Fig. 3. Thomas Cotterill, A Selection of Psalms and Hymns (1822).

 

II. Text: Analysis

The hymn naturally takes its cue from accounts of the Ascension in Luke 24:50–53 and Acts 1:6–11. The second and third stanzas recall Psalm 24. Stanza six echoes the promise of John 14:2–3, “And if I go and prepare a place for you, I will come again and will take you to myself” (ESV). 

This hymn was originally part of a cycle of hymns for the church year, beginning with Christmas (“Hark how all the welkin rings”), then Epiphany (“Sons of men, behold from far”), Resurrection (“Christ the Lord is risn today”), Ascension (“Hail the day that sees Him rise”), and Whitsunday/Pentecost (“Granted is the Saviour’s prayer”).

Wesley’s text (especially stanzas 4–5) was quite likely inspired or informed by the collect for Ascension in the Book of Common Prayer (1662 revision):

Grant, we beseech thee, Almighty God, that like as we do believe thy only begotten Son our Lord Jesus Christ to have ascended into the heavens; so we may also in heart and mind thither ascend and with him continually dwell, who liveth and reigneth with thee, and the Holy Ghost, one God, world without end. Amen.


III. Tunes

1. ASCENSION (Lampe)

In the Wesley collection Hymns on the Great Festivals (1746 | Fig. 4), this text was set to the tune ASCENSION, which had been composed for the Wesleys by John Frederick Lampe (ca. 1703–1751). This pairing was repeated in the Wesleys’ subsequent tune books in 1761 and 1781. Lampe was a good friend of the Wesleys. His melodic style shows influences from both the Moravian hymn singing the Wesleys admired and the popular style of Lampe’s contemporary, G.F. Handel.[1] This tune by Lampe has not endured, but some others by him were still in print well into the twentieth century.

 

Fig. 3. Hymns on the Great Festivals (1746).

 

2. LLANFAIR

In modern hymnals, the tune most commonly associated with this text is LLANFAIR (pronounced hlan-vire), which was first printed in John Parry’s Peroriaeth Hyfryd (1837) under the name BETHEL (Fig. 4). This 1837 edition was given in four parts, melody in the third part, arranged by J.R. Henllan (John Roberts of Henllan).

The authorship of this tune has been assigned to Robert Williams (1781–1821), based on the testimony of a manuscript, now lost:

It was usually described simply as “Welsh Tune” and was only ascribed to Robert Williams in an article by Llewelyn Jones, Llanfechell, in the journal Y Cerddor (The Musician) in 1896. He claimed to have the manuscript of the tune, dated July 14, 1817, in his possession as late as 1920. It has been impossible to trace this since his death, though there have been rumors of its whereabouts.[2]
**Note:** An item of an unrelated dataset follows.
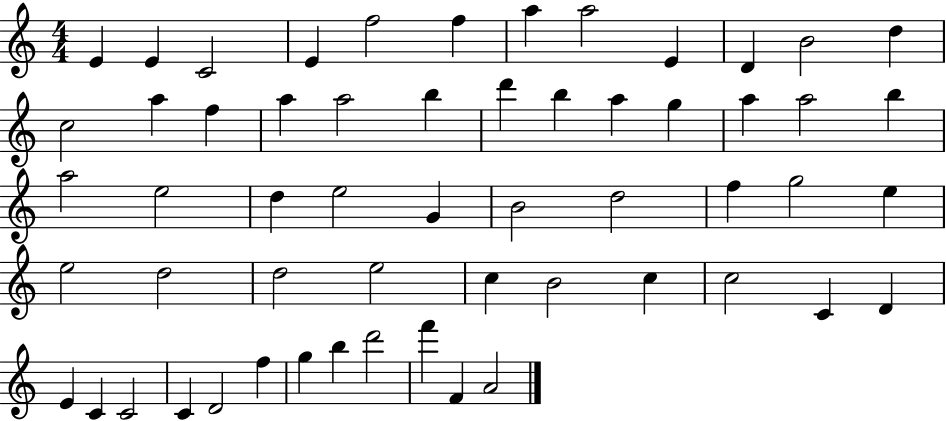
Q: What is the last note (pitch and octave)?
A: A4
The change of name from BETHEL to LLANFAIR is not well documented. LLANFAIR might refer to the village Llanfair-Ynghornwy in Anglesey, Wales, near where Robert Williams was born.

Fig. 4. Peroriaeth Hyfryd (1837). Melody is in the third part.

LLANFAIR was first paired with “Hail the day that sees him rise” in The English Hymnal (1906 | Fig. 5). LLANFAIR works well with other exuberant texts, including the Resurrection hymns “Christ the Lord is risen today” and “Jesus Christ is risen today,” and a hymn by Henry Francis Lyte, “Praise the Lord, His glories show,” among others.

 

Fig. 5. The English Hymnal (Oxford: University Press, 1906).

 

3. ASCENSION (Monk)

Another tune of significance is ASCENSION, written by William Henry Monk for Hymns Ancient & Modern (1861 | Fig. 6).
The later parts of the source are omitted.